(Beginning of Provided material)

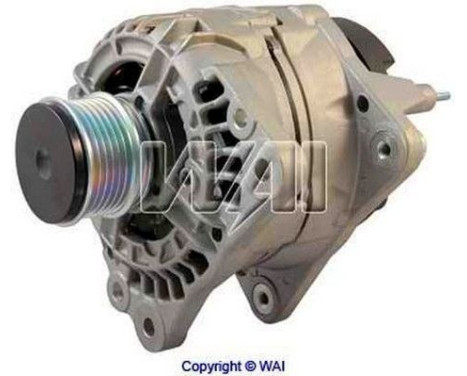 Dynamo / Alternator, Image 7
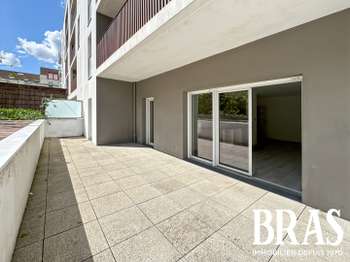 Vente Appartement 3 piècesNantes Saint-Jacques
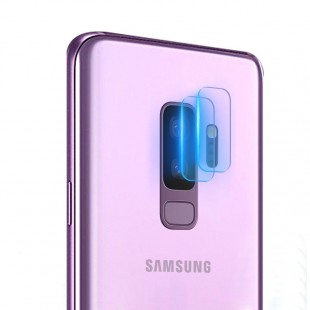 محافظ LCD شیشه ای Lens Glass گلس لنز دوربین Screen Protector.Guard Samsung Galaxy S9 Plus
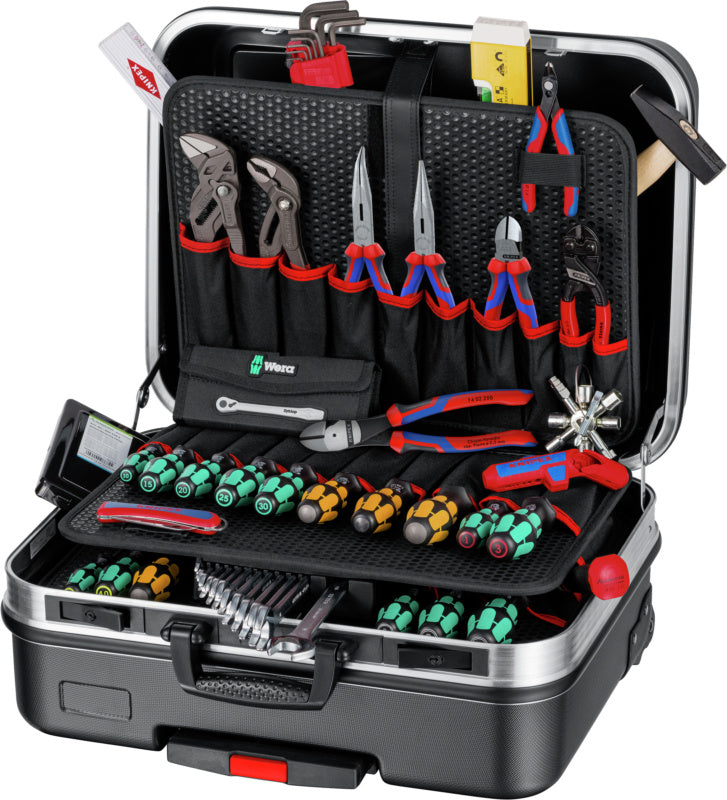 Kufr na nářadí BIG Basic Move Mechanics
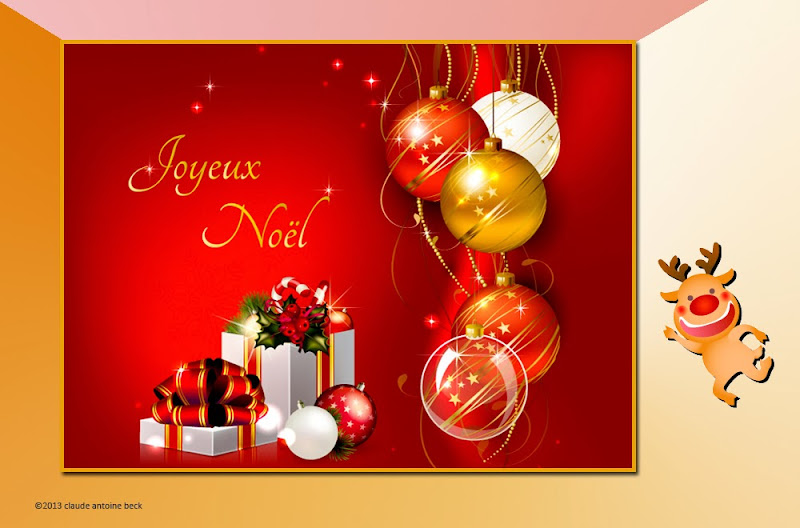 testclod: 10 Cartes de Noël numériques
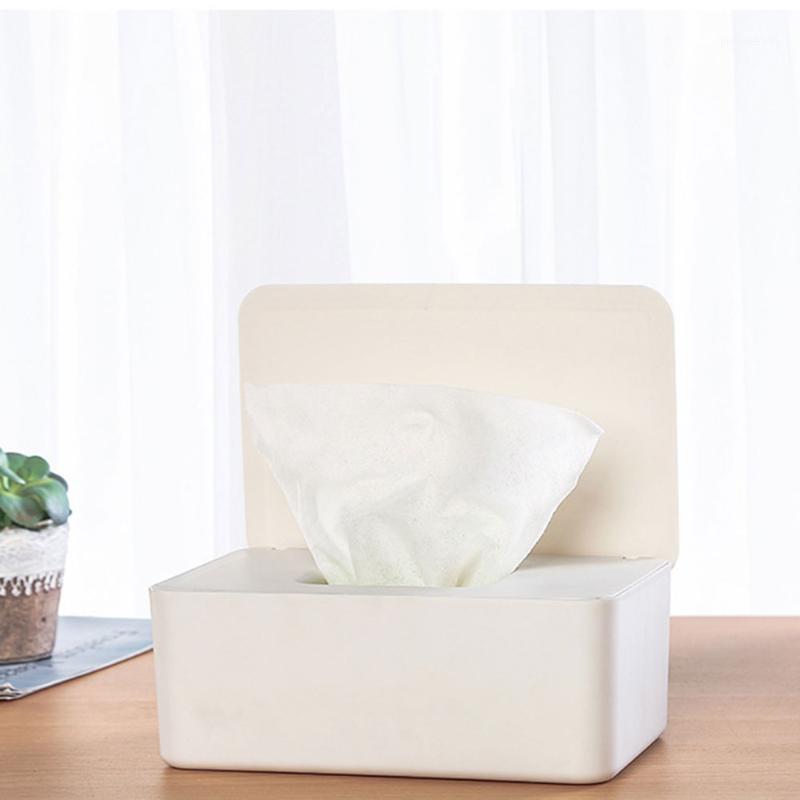 Tissue Storage Box Case Wet Wipes Dispenser Holder with Lid for Home Office TP8991
Tissue Storage Box Case Wet Wipes Dispenser Holder with Lid for Home Office TP8991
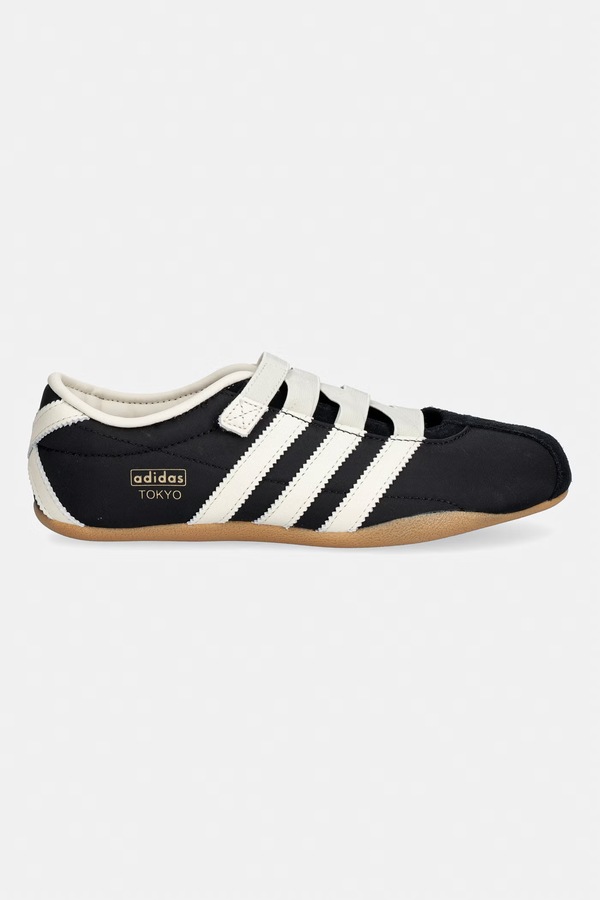 Tokyo кросівки жіночі adidas Originals колір чорний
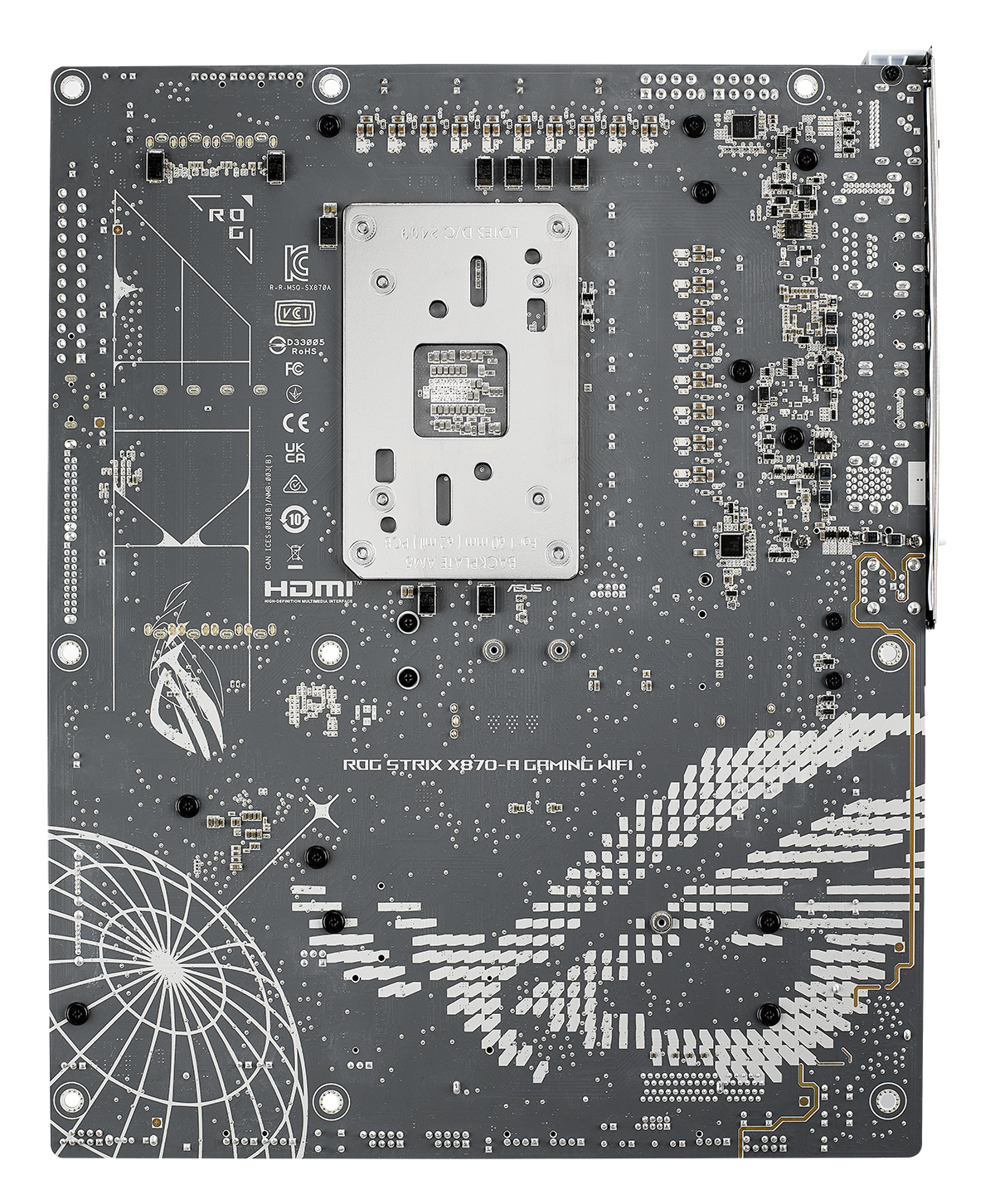 Carte mère ASUS ROG STRIX X870-A GAMING WIFI AM5 DDR5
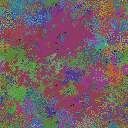 World at epoch 138000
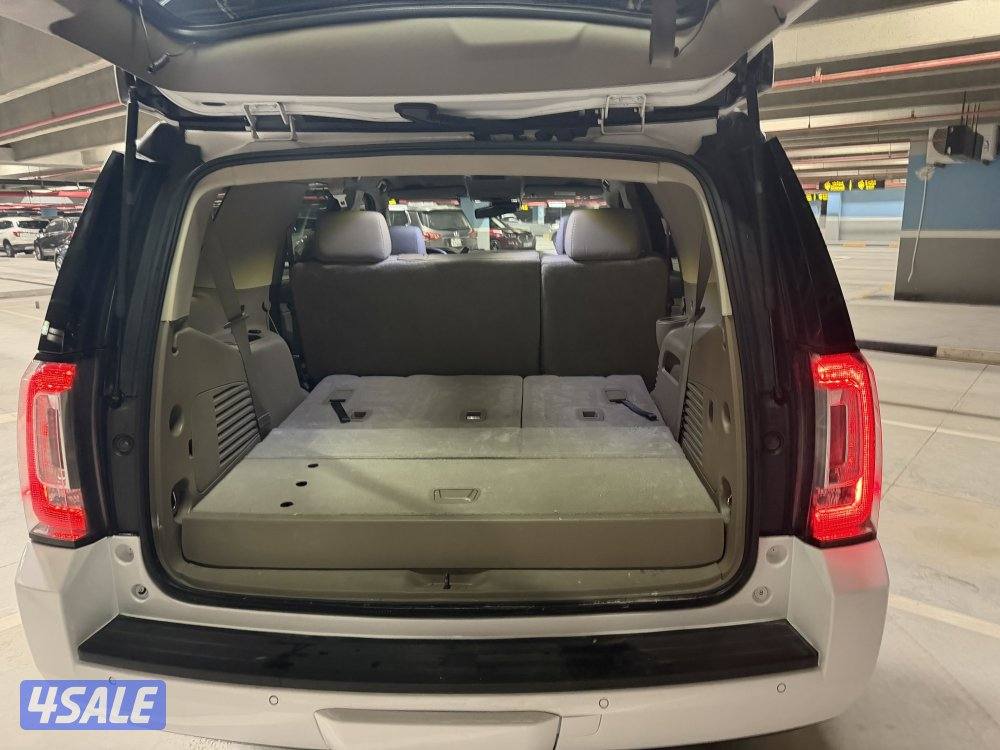 للبيع يوكن ٢٠١٧ sle7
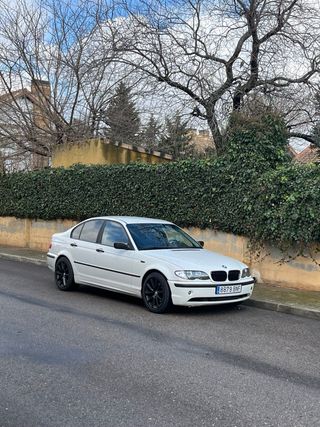 BMW Serie 3 2001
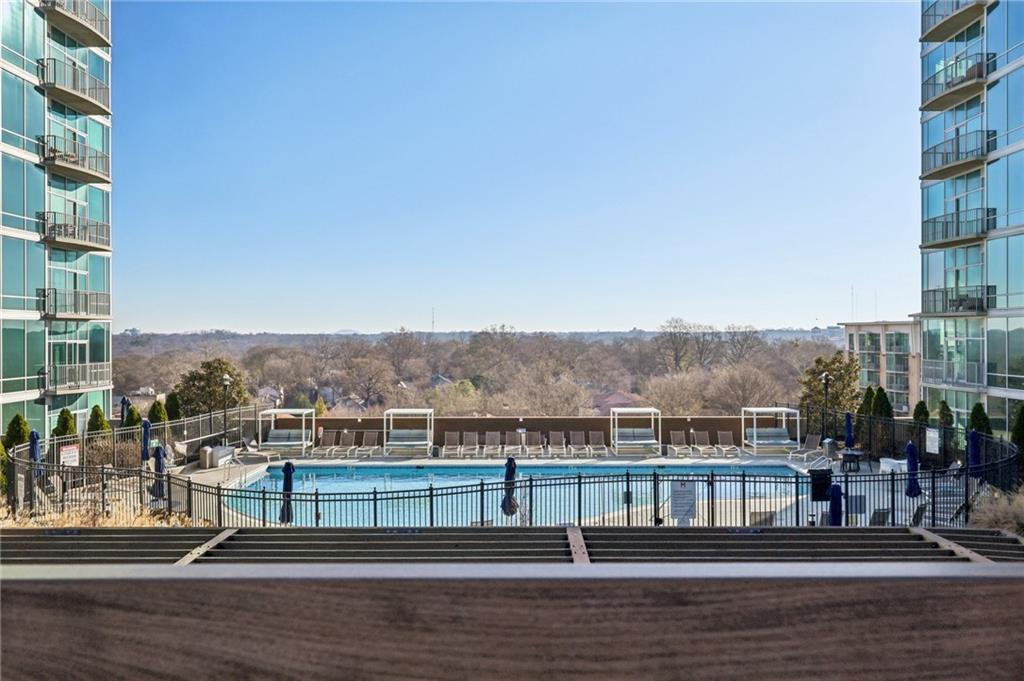943 Peachtree Street NE Unit 705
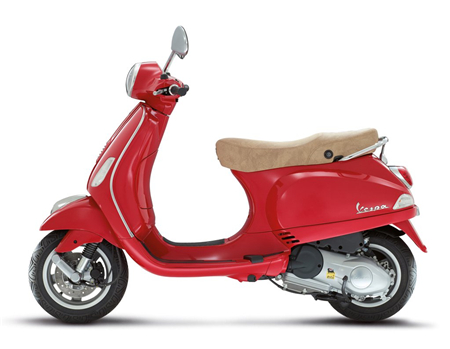 Piaggio Vespa LX150 4T USA Service Repair Manual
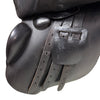 Hippos All Purpose Saddle in Brown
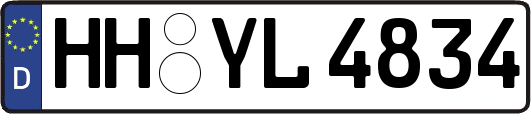 HH-YL4834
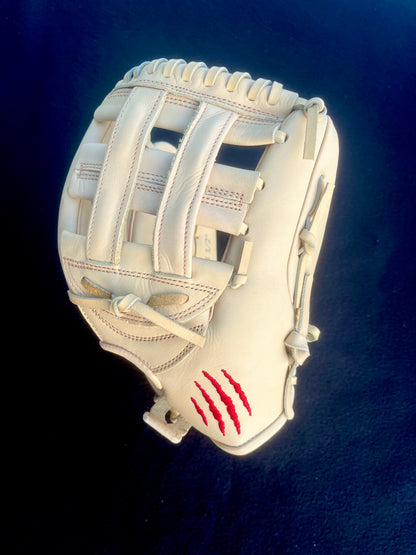 CUB SERIES CAMEL WITH RED LOGO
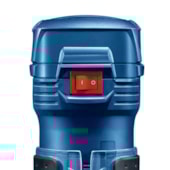 Mini tupia manual Bosch GKF 550 127v 550w Mini tupia manual Bosch GKF 550 127v 550w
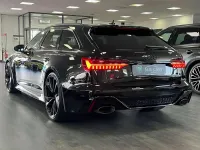 Usata Audi A6 600 CV (441 kW) 2020 Nero Station wagon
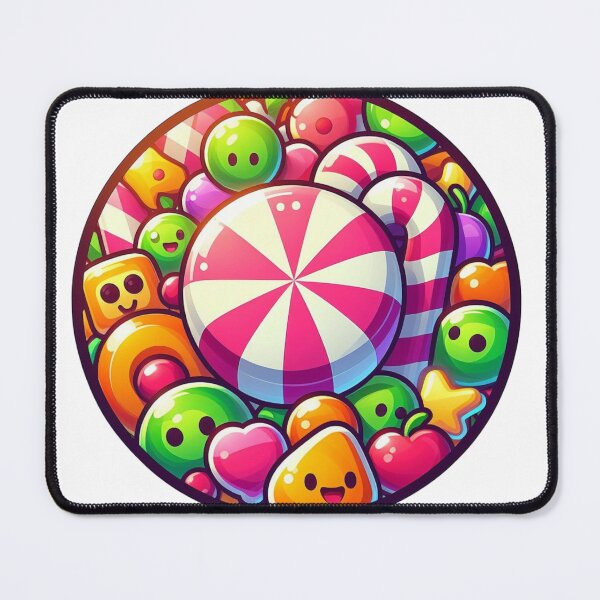 Item preview, Candy Crush designed and sold by Gulyabani.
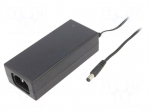 Power supply: switching | 12VDC | 3A | Out: 5,5/2,1 | 36W | 90&divide;264VAC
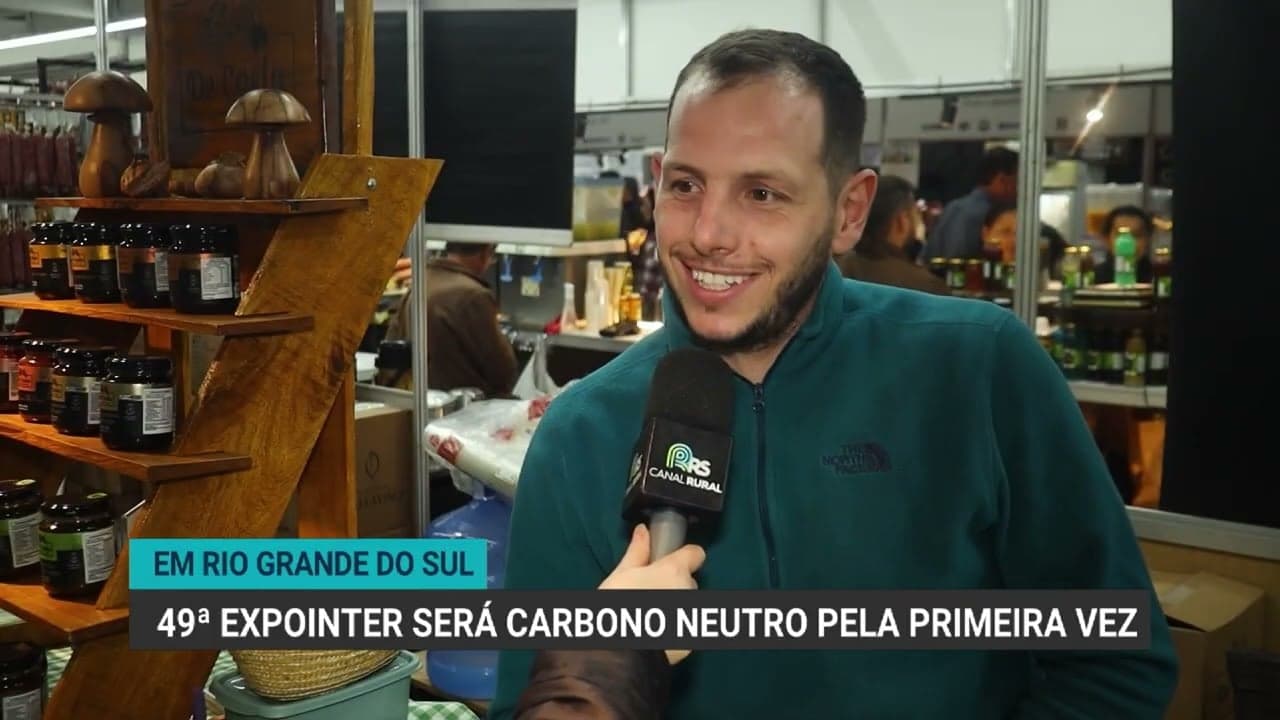 Expointer 2026 apresenta novidades e prioriza sustentabilidade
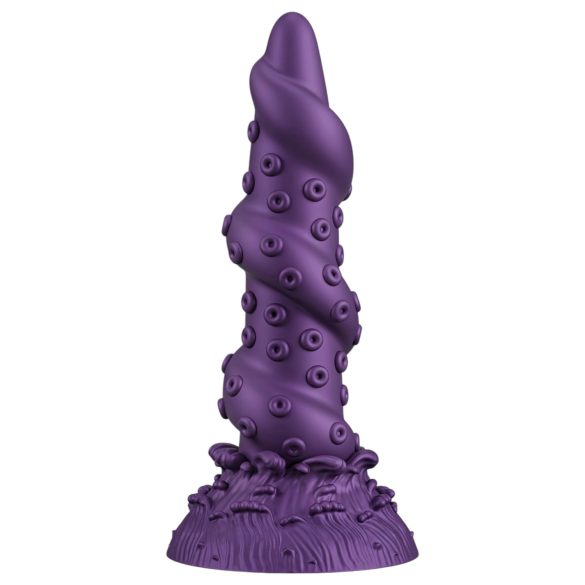 Beasty Cocks Octopus Prime - ljubičasti dildo u obliku hobotnice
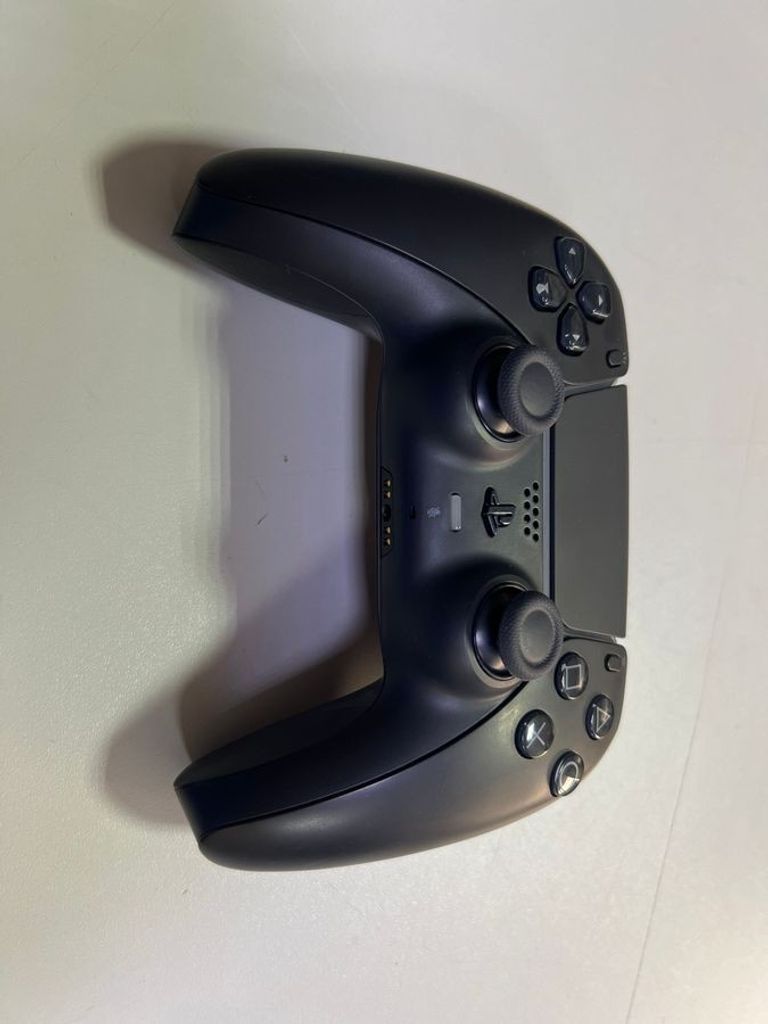 Купити Sony DualSense Black Б/У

(End of Provided material)

▶ _Task objective_
Before duplicating the entries above, strip out the pictures and keep the rest exact.

▶ _Answer to the exercise_
 Dynamo / Alternator, Image 7
 Vente Appartement 3 piècesNantes Saint-Jacques
 محافظ LCD شیشه ای Lens Glass گلس لنز دوربین Screen Protector.Guard Samsung Galaxy S9 Plus
 Kufr na nářadí BIG Basic Move Mechanics
 testclod: 10 Cartes de Noël numériques
 Tissue Storage Box Case Wet Wipes Dispenser Holder with Lid for Home Office TP8991
Tissue Storage Box Case Wet Wipes Dispenser Holder with Lid for Home Office TP8991
 Tokyo кросівки жіночі adidas Originals колір чорний
 Carte mère ASUS ROG STRIX X870-A GAMING WIFI AM5 DDR5
 World at epoch 138000
 للبيع يوكن ٢٠١٧ sle7
 BMW Serie 3 2001
943 Peachtree Street NE Unit 705
 Piaggio Vespa LX150 4T USA Service Repair Manual
 Hippos All Purpose Saddle in Brown
 HH-YL4834
 CUB SERIES CAMEL WITH RED LOGO
 Mini tupia manual Bosch GKF 550 127v 550w Mini tupia manual Bosch GKF 550 127v 550w
 Usata Audi A6 600 CV (441 kW) 2020 Nero Station wagon
 Item preview, Candy Crush designed and sold by Gulyabani.
 Power supply: switching | 12VDC | 3A | Out: 5,5/2,1 | 36W | 90&divide;264VAC
 Expointer 2026 apresenta novidades e prioriza sustentabilidade
 Beasty Cocks Octopus Prime - ljubičasti dildo u obliku hobotnice
 Купити Sony DualSense Black Б/У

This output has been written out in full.